Unfortunately, in our Population column, we had the new individuals from the
Lamnidis _et al._ study as the first few populations in the data. This then
means that these individuals would be plotted first and end up underneath
other populations, despite being the ones we would like to emphasise the most.
You can see this with JK1963 (the black asterisk) falling beneath one of the
green points near the centre of the plot.

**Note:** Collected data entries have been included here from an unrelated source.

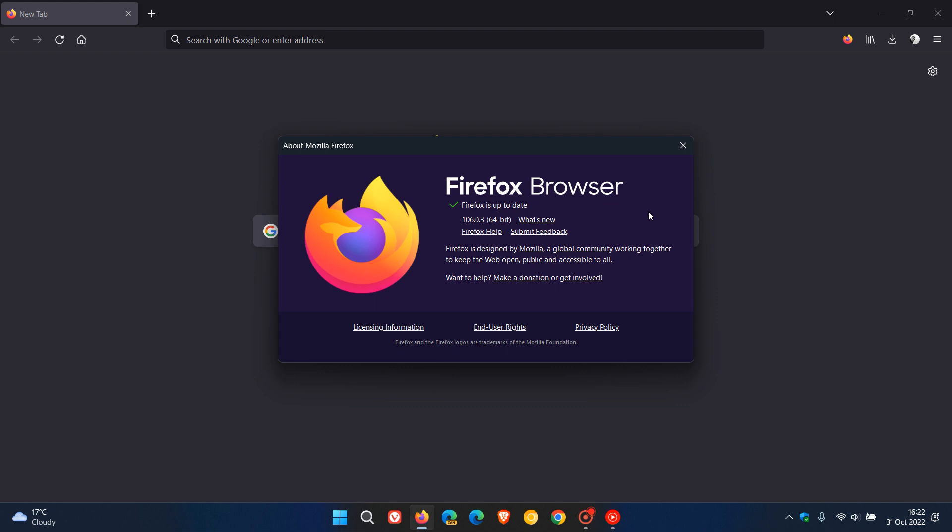Now since this is the third point release for version 106 it's clear that there's been a couple of issues since the release of that upgrade give or take two weeks ago, so clearly Mozilla trying to resolve some issues in the browser.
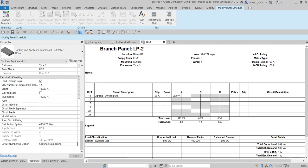That's basically how you create connections using feed through lugs. Panel boards can be connected and the connection type can be altered afterwards to suit changing electrical design. The connection type is also reflected in the schedules, providing an accurate picture of the total loads on each panel. Feed through lugs also allows the designer to create a more accurate account of the connections and electrical distribution in a project. Hopefully this video helps — thank you for watching, have a nice day.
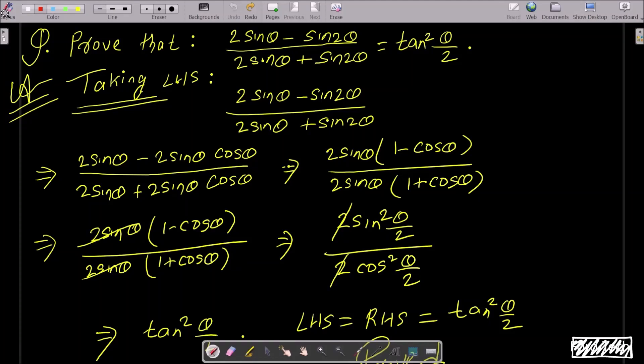To prove that (2sinθ - sin2θ) / (2sinθ + sin2θ) equals tan²(θ/2), take the LHS and write this out.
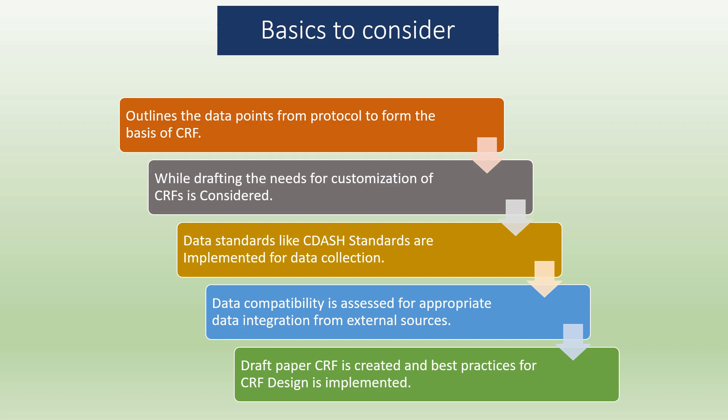Draft paper CRF is created and best practices for CRF design is implemented. Every organization follows some standards for creating the draft CRF and mostly a standard library is followed. Let's see how a CRF is designed in any kind of EDC system.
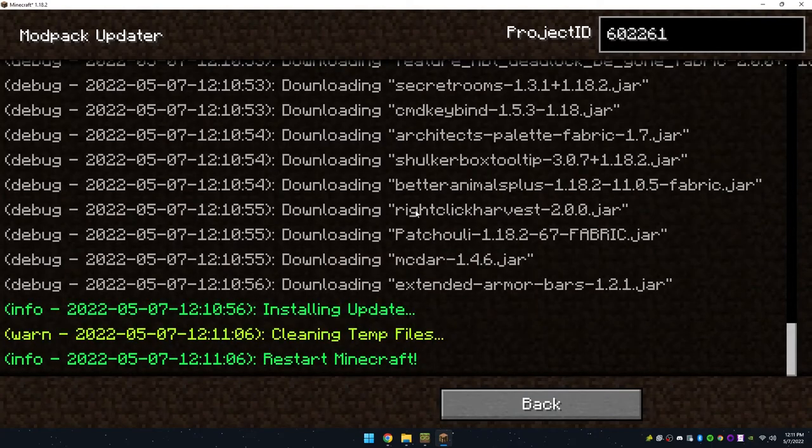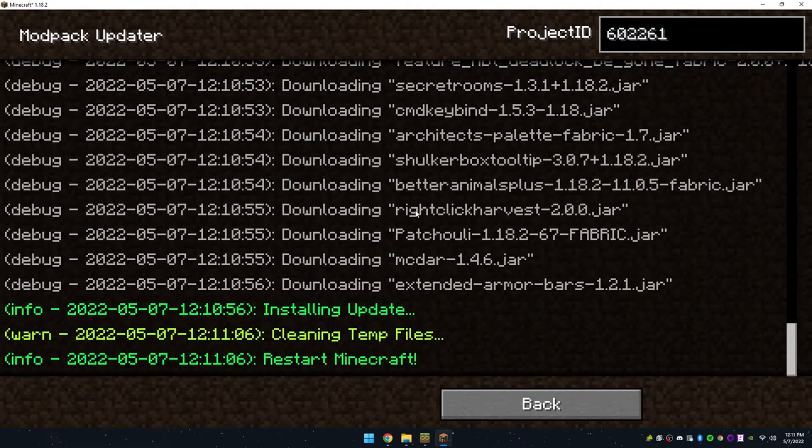Once this process is done, you will have to restart the game and your mods will be installed.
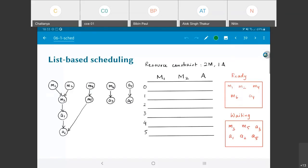Everything else goes into the waiting list. Until some operation has been scheduled and moved out, the others in the waiting list remain there. Now I have two hardware multipliers and one adder. Even though m1, m2, m4, and m6 are all ready, I can't execute all of them — I have to pick two. I'll pick m1 and m2.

We can simply fix this by arranging the Population column in our data in reverse
order. This will then cause the last Populations in the tibble to be printed
first, and the ones at the top of the original data (the individuals of
interest) first.
> Remember that factors, not character columns, are what allow you to set the
ordering of the way things are plotted. Character columns will always follow
either alphabetical or numeric ordering regardless of the way you arrange your
data.
We will use two functions from the `dplyr` package to re-order the base data
of the plot. The first is `arrange()`, which will order the supplied column
in ascending order i.e. by A-Z alphabeticalorder (for character columns) or
the original order displayed in the column (for factors). We want in this case
to do the reverse, as we want the new Lamnidis _et al_. individals to be at the
bottom of our data tibble (so displayed last). So we additionally wrap the
column in `desc()` to arrange in descending order (so Z-A or from last to
first, accordingly).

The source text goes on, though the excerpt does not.